> _TASK INPUTS_
*** Begin section ***
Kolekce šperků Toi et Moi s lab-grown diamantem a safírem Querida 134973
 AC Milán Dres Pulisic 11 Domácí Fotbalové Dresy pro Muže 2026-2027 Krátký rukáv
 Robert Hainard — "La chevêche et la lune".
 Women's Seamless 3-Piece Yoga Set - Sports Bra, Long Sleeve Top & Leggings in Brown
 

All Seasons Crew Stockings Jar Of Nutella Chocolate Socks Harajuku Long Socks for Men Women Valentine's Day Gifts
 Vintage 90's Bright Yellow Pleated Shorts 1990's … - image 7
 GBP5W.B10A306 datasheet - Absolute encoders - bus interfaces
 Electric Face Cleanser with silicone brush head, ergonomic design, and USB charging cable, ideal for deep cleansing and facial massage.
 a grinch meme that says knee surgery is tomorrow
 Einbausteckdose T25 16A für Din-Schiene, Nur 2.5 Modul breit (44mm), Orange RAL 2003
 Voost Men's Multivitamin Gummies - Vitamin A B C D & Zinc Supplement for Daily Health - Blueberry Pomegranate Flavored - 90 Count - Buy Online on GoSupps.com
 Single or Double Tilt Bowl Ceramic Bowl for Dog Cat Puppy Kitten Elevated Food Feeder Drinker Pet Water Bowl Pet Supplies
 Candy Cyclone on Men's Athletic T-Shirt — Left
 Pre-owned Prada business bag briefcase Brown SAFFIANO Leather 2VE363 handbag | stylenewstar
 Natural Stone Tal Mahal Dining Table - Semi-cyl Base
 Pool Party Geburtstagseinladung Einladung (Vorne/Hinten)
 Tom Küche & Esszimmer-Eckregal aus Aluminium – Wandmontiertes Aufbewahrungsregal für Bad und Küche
*** End section ***
Restate all of the material, keeping every word intact.

Kolekce šperků Toi et Moi s lab-grown diamantem a safírem Querida 134973
 AC Milán Dres Pulisic 11 Domácí Fotbalové Dresy pro Muže 2026-2027 Krátký rukáv
 Robert Hainard — "La chevêche et la lune".
 Women's Seamless 3-Piece Yoga Set - Sports Bra, Long Sleeve Top & Leggings in Brown
 

All Seasons Crew Stockings Jar Of Nutella Chocolate Socks Harajuku Long Socks for Men Women Valentine's Day Gifts
 Vintage 90's Bright Yellow Pleated Shorts 1990's … - image 7
 GBP5W.B10A306 datasheet - Absolute encoders - bus interfaces
 Electric Face Cleanser with silicone brush head, ergonomic design, and USB charging cable, ideal for deep cleansing and facial massage.
 a grinch meme that says knee surgery is tomorrow
 Einbausteckdose T25 16A für Din-Schiene, Nur 2.5 Modul breit (44mm), Orange RAL 2003
 Voost Men's Multivitamin Gummies - Vitamin A B C D & Zinc Supplement for Daily Health - Blueberry Pomegranate Flavored - 90 Count - Buy Online on GoSupps.com
 Single or Double Tilt Bowl Ceramic Bowl for Dog Cat Puppy Kitten Elevated Food Feeder Drinker Pet Water Bowl Pet Supplies
 Candy Cyclone on Men's Athletic T-Shirt — Left
 Pre-owned Prada business bag briefcase Brown SAFFIANO Leather 2VE363 handbag | stylenewstar
 Natural Stone Tal Mahal Dining Table - Semi-cyl Base
 Pool Party Geburtstagseinladung Einladung (Vorne/Hinten)
 Tom Küche & Esszimmer-Eckregal aus Aluminium – Wandmontiertes Aufbewahrungsregal für Bad und Küche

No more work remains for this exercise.